Sciascia. 9+0

10 Gennaio 2012

L'8 gennaio Leonardo Sciascia avrebbe compiuto 90 anni e a noi piace festeggiarlo attraverso le parole e le immagini del suo amico Ferdinando Scianna.

 

 

“Che cretino!”, commenta il magistrato ad elogio funebre del commissario di Una storia semplice il cui errore ha rivelato le sue complicità mafiose e lo ha portato a uccidere e a esser ucciso. Cretino perché si é fatto scoprire. Intelligente, infatti, per lui, per troppi cretini veri, è chi, nel disprezzo di tutti, attraverso la menzogna la fa franca.

“Era un cretino!” simmetricamente sentenzia don Luigi, alla fine di A ciascuno il suo. Un epitaffio per il professore Laurana, il quale , per avere cercato la verità ed essersi illuso di trovare giustizia, giace ammazzato sotto grave mora di rosticci.

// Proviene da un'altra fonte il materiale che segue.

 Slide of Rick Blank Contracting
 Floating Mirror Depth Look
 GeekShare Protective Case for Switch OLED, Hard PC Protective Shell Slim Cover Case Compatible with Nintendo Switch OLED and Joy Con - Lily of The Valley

Perché cretino, si capisce, è anche chi, ingenuamente, la verità e la giustizia si ostina a cercarle.

Gli spettatori milanesi dell’edizione teatrale del Giorno della civetta , come chissà quanti lettori che non hanno capito o non hanno voluto capire, hanno applaudito e applaudono, con masochistica complicità, la tirata cinica e nazista del capomafia Don Mariano Arena. Non rendendosi conto che in tal modo rumorosamente accettano di appartenere a quel popolo di cornuti sul cui mare di corna i Don Mariano di sempre e di ogni dove si vantano di navigare grazie al loro cinismo criminale.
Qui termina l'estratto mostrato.